Jared jumped up and locked the door, locking me in and pushed me to the floor.

“You’re not going anywhere. I am not done with you, he said.”

 When he raised his hand to hit me again, I screamed, just then his mom, Eileen, knocked at the door.

“Is everything ok in there?  What’s going on?”

 But Jared answered, nicely

 “Everything is fine, just a little accident.”

He looked at me with his finger over his mouth meaning, be silent. After his mother moved away from the door, Jared told me with a voice I didn’t recognize

“It doesn’t matter if you leave me, because you’re mine anyway. You’re going to give me what I want and when I want it, you are mine. Doesn’t matter if you have another boyfriend, you can never get rid of me!”

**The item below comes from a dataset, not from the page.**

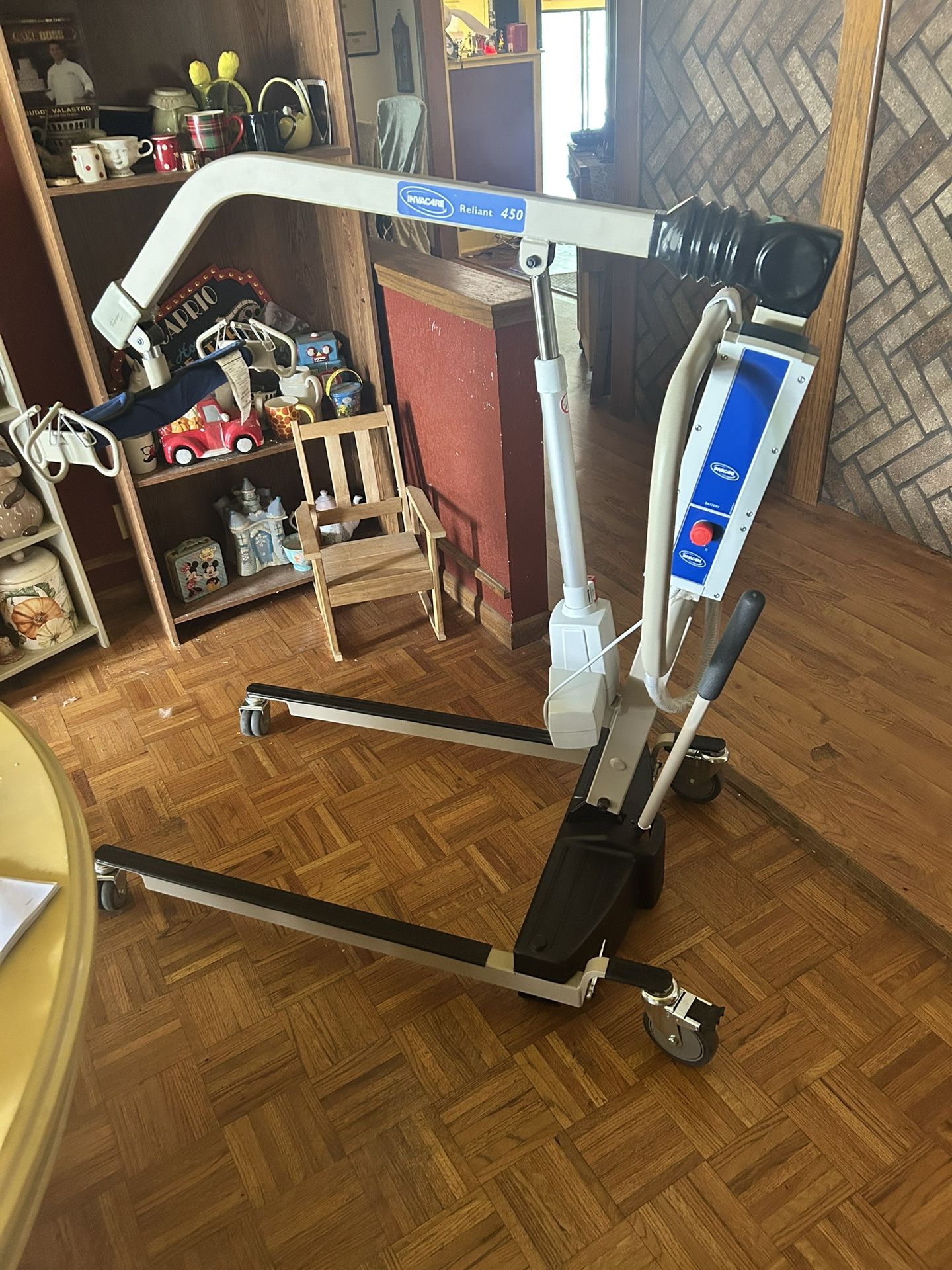 Invacare Patient Lift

The look in his eyes, told me it was more than a threat, it was a promise!

What would you do?

Sunday, June 19th, 2011

“Bang!  I just cut the corner and ran right into this six foot blond guy.  I was just about to say

“Watch where you are going!”

When I looked up and into the most beautiful eyes I had ever seen. I got a tingle in my body.  My cheeks flushed red and all I managed to say was a shy,

 “Hi.”

Those same eyes that held so much promise now filled me with nothing but fear and terror. For the first time I could see clearly that I had to leave him. He will never change. If I stay, I will end up dead!

I was now ready to leave him but that option wouldn’t be easy. When I leave, I need to leave the country and my family in order to stay alive. I will have to find a way to escape from him because he will never let me go.  I take that back, he would let me go, if I left in a casket or if I were dead.

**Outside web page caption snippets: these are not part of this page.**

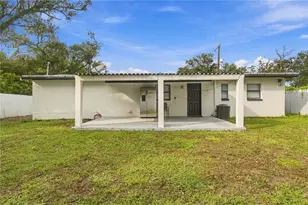 305 Lime Tree Rd, Tampa, FL 33619 - Photo 30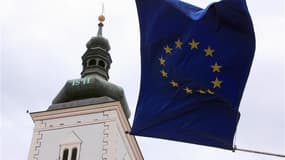 Drapeau européen devant le parlement croate à Zagreb. La Commission européenne a donné mardi son feu vert à l'adhésion de la Croatie à l'Union le 1er juillet prochain, tout en assurant garder un oeil attentif sur les efforts menés par Zagreb dans la lutte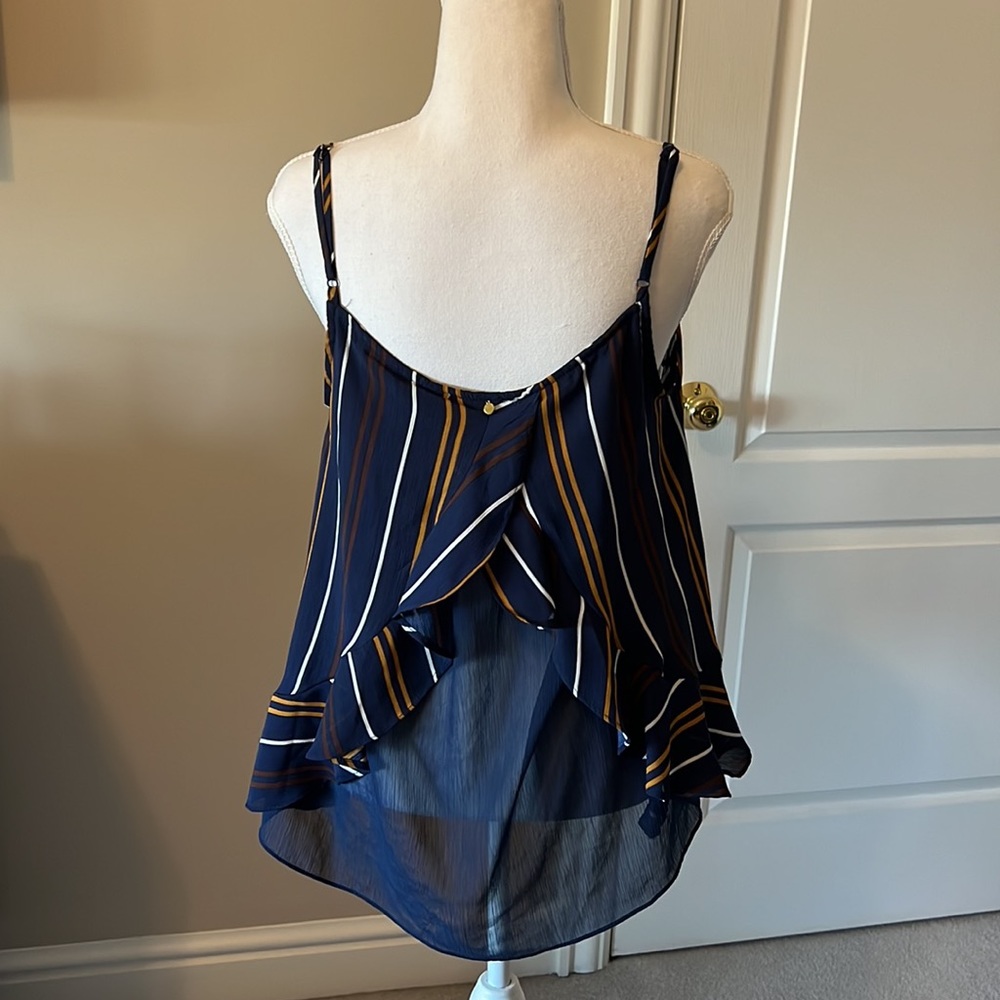 Top - Picture 2 of 2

 Deep down, I already had the answer. I knew what I needed to do, but I took my time to ponder my moves and to plan, and let it sink in. I was planning my escape from him and this nightmare. A plan to save my life! 

But I jumped ahead in this tall, terrible tale, so let me start from the beginning.”

Available soon

Saturday, June 18th, 2011

First edition of  “Damned if I Do, Dead if I Don’t.” My book DIID, DIID has two parts, one with my life in Sweden (which is done and I have published, I’ll get a few ex. next week to review), one about how I started my life here, the healing process and things what’ve happened in my life in the US (this part is still being edited). I have not decide if I want to make the two parts one or two books yet, but I’ll figure it out when I review the first part.